July 13, 2004
In the last two decades the Bay Area economy has seen jobs move out of the region to domestic and overseas locations, in search of lower costs and markets. Initially limited to manufacturing and assembly, the sophistication of the operations performed overseas has risen steadily and now includes computer programming, support and integration, and a range of other service and white-collar functions. Engineering and design, once performed almost exclusively in the United States and other developed economies, is also being done overseas by multinationals or by local companies contracted to them.
With some of the highest costs of doing business in the nation, Bay Area companies in particular have had major cost incentives to source and distribute their activities globally. Increasingly, however, other factors such as rising capabilities and growing market opportunities in other regions have provided additional motivation.
These factors, combined with a weak economy, have intensified interest in the media and among business, labor, government and community leaders in global offshoring and its impact on the domestic jobs base. Some strongly endorse offshoring as a strategy vital to competitiveness, while others are alarmed at the depth and speed of the changes that are occurring due to globalization and are proposing legislative restrictions.
By focusing only on offshoring, however, and ignoring key trends that affect jobs such as demographics and technology, the current debate lacks the balanced perspective needed to assess the many dynamics at work and the range of options available. Much of the debate is based on anecdotal information, without good empirical data.
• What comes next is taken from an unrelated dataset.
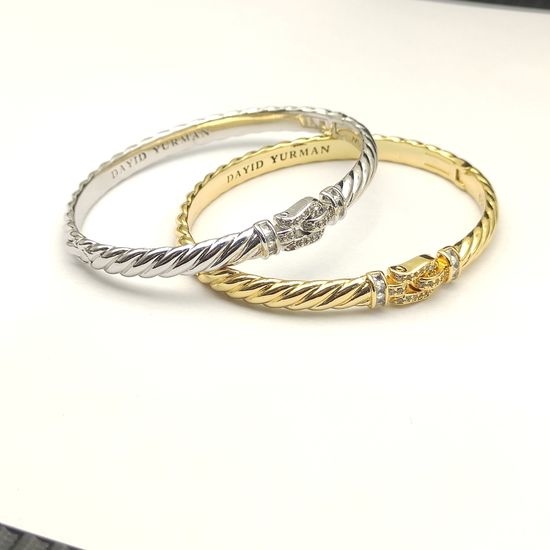 David Yurman Gold Engraved Wave Buckle Bangle Diamond Inlaid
And little of the information that is available is specific to the Bay Area, which as one of the most globalized economies in the nation and the worlds technology leader is at the center of the offshoring phenomenon.
With these considerations in mind, the Bay Area Economic Forum, Joint Venture: Silicon Valley Network, the Stanford Project on Regions of Innovation and Entrepreneurship and A.T. Kearney have joined to deliver an in-depth regional perspective on this issue. The objective of the partners and of this study is to help business and community leaders and state and regional policymakers understand the Bay Area's job market and how it is changing in response to key global and domestic trends. The model it provides is designed as a tool to anticipate structural shifts, both positive and negative, resulting from these trends. We believe that the analysis will provide the foundation for a broader and more balanced examination of what is happening to Bay Area jobs - and why. We also believe that the study approach and findings are applicable to other regions and have national implications.
The best policies are proactive rather than reactive. Economic globalization is here to stay and will accelerate in the coming years. Managing it and the other key issues impacting California and the Bay Area's competitiveness and economic leadership will require strategic vision by business, government and community leaders alike.